Tears threatened again as Zane nodded. “Yes. I’m sorry.”

Asa sighed, stroking his cheek with his thumb. “Don’t apologize, Lois. I’ll say it every day if that’s what you need from me. But you have to know by now I didn’t just ‘get stuck’ with you. I don’t secretly wish for a different life. I don’t secretly wish for a different person…or people, I guess. I wake up every fucking day smug because I have a life most people would kill for. And a big part of that—no, the biggest part of that—is you. Not Felix, not the boys…Hell, not even Avi. But you.”

He dipped his head, connecting their lips. Zane opened for him immediately, letting Asa consume him for a moment, soaking in the attention, the low simmer of heat pooling in his belly. It wasn’t going anywhere. They didn’t have the time or even the inclination. Zane was tired in his bones.

Maybe later—when the house was quiet, when Felix’s warmth pressed against his front, when exhaustion blurred the edges of everything—then Asa would use him. Carefully.Patiently. Like someone needing to prove something with more than words Zane refused to believe.

He was always so careful then, like he didn’t want to disturb him but couldn’t wait for a better time. Like he just had to be inside him right then. He wasn’t apologetic about it. While their public vows had been simple, Zane had promised Asa years ago that he could always take what he wanted, that even if he said no, Asa didn’t have to stop.

They had a safeword for a reason, but it was Asa who used it more often than Zane ever had. There was nothing he wouldn’t let Asa do to him. No lengths he wouldn’t go to please him. He’d push his body past its limits a thousand times over if it made him happy. He’d probably let Asa run him over with a car if he just asked in that tone, the one that left no room for argument, the one that made Zane feel safe and loved and protected.

Asa brushed a hand down Zane’s spine, grounding him again. The attic was quiet except for the sound of their breathing, the world outside a distant hum.
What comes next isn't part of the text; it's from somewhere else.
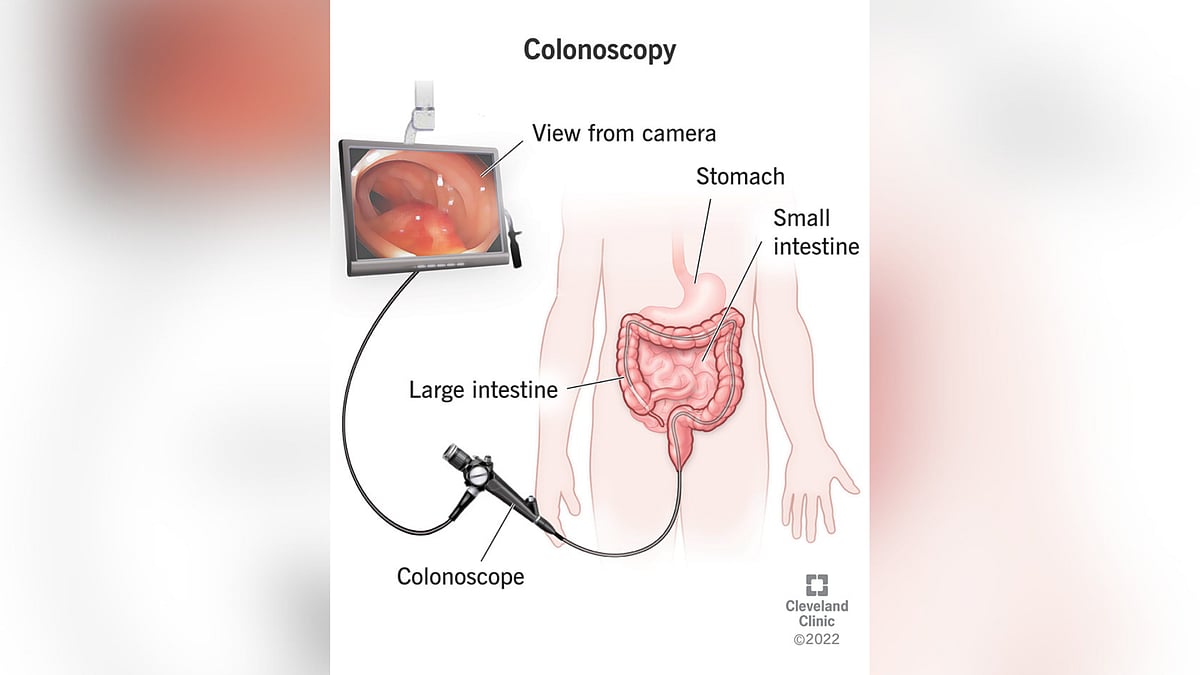 Is colonoscopy required after normal marker result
For a moment, he wanted to stay like this forever.

Then his comm crackled in his ear, the sharp sound splintering the silence, loud enough to startle them both.

“Thomas is calling it,” Calliope’s voice came, low and wry but edged with something grim. “She doesn’t have much fight left in her. We’re ready for you in the shed.”
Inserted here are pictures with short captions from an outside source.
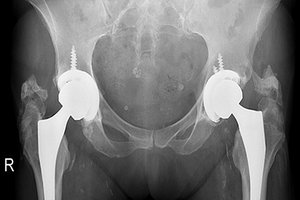 hip arthroplasty - Copyright – Stock Photo / Register Mark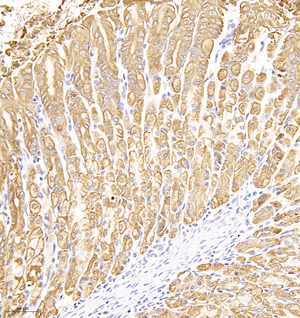 03 GB12225_7D8G8_Cytokeratin-7 170401_M stomach d500_40.0x_IHC.jpg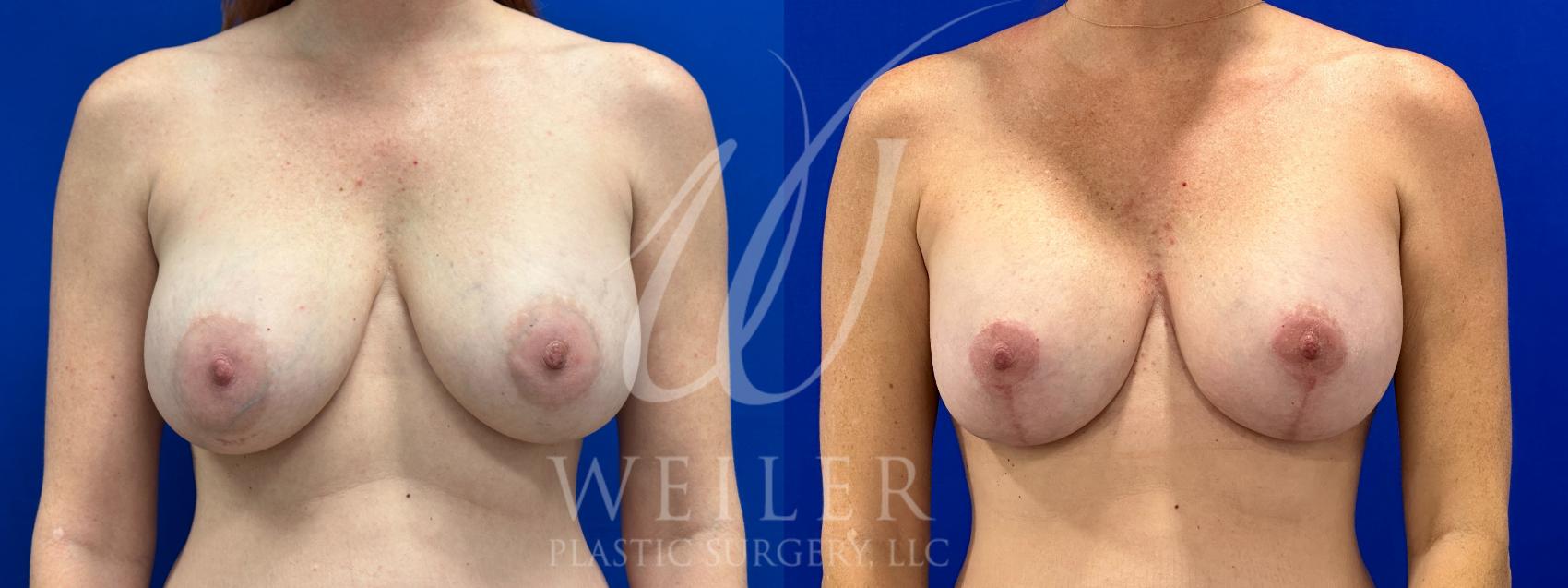 Before & After Breast Revision Case 1100 Front View in Baton Rouge, New Orleans, & Lafayette, Louisiana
Asa exhaled through his nose, the sound more sigh than growl. “Copy that,” he said, voice steady even as his hand lingered at the back of Zane’s neck.

Zane blinked, slow and heavy, like the words had to swim through fog to reach him. “This doesn’t feel real.”

“I know, baby.” Asa kissed his forehead.

He helped Zane sit up, smoothing the wrinkles in his costume, the motions practiced and tender. For one heartbeat more, they stayed there—two silhouettes in a secret mouse hole—before Asa reached for the latch. The light from the hallway spilled in, thin and cold, chasing away the warmth they’d made.

Before they left, Asa gave him another soul-searing kiss. “It’s almost over now.”

Zane wanted to believe him but he wasn’t sure he could until he saw her dead with his own eyes.

“You know, I’ve been waiting for this moment for so long, but now that I see you, you’re almost not worth it.” Felix flexed his fingers, and the workshop lights winked off the platinum cat claws strapped to his knuckles.

Whenever they touched, they made a sound that reminded Felix of windchimes, delicate and haunting. They were so pretty, he almost wished he could show them off more.

“Fuck you. You’re all sick, deviant perverts,” Bev spat, venom seeping from her pores.

She might have even tried to give Felix the finger—had August not already claimed them as trophies.

Avi’s laugh was flat and soft. “You have no idea.”

Bev was an absolute fright. Her hair hung in sweaty, limp tangles, parts of it sticking out like frayed wire from where she’d been dumped into the wheelbarrow by Atticus and Freckles. Her foundation had streaked, then caked, then streaked again, making her look like a melted candle. Her eye makeup had bled outward, pooling into bruised shadows, giving her the hollowed-out look of a cartoon skeleton. Her smeared lipstick made her look like some kind of demented clown.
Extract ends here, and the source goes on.